Exercise: Exact reproduction required: the lines below from the line with "简单快手鸡蛋饼 柔软翻面不破" to the line with "Two queen standard guest room", both ends included, and no others.

Recorded data:
Content starts

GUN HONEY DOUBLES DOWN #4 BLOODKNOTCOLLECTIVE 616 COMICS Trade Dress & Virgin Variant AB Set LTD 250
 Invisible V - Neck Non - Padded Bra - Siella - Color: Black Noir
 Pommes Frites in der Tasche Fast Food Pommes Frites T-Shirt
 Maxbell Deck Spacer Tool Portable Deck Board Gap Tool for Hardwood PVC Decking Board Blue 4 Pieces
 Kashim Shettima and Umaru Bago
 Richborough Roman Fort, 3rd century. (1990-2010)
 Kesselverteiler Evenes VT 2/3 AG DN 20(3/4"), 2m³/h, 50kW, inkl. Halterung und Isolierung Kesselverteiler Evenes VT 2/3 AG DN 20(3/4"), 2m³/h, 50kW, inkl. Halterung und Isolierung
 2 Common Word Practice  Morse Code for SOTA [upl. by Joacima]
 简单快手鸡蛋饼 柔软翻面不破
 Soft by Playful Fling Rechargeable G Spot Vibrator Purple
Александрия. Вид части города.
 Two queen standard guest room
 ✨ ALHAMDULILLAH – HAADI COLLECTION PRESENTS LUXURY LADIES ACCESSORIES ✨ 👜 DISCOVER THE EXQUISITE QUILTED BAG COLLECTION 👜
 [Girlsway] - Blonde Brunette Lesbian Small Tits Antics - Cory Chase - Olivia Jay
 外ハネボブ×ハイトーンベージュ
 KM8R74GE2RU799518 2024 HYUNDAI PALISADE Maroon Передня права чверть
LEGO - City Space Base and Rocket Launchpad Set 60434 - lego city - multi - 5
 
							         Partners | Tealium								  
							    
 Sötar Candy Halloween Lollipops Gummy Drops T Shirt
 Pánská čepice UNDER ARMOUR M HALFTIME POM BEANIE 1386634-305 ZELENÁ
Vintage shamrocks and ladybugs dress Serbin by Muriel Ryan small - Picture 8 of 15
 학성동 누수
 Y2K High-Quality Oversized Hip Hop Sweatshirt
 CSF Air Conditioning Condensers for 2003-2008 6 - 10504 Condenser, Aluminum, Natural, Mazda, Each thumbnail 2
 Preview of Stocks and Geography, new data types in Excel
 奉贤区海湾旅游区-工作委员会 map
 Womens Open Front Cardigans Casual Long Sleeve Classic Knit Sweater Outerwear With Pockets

Content ends

Response:
 简单快手鸡蛋饼 柔软翻面不破
 Soft by Playful Fling Rechargeable G Spot Vibrator Purple
Александрия. Вид части города.
 Two queen standard guest room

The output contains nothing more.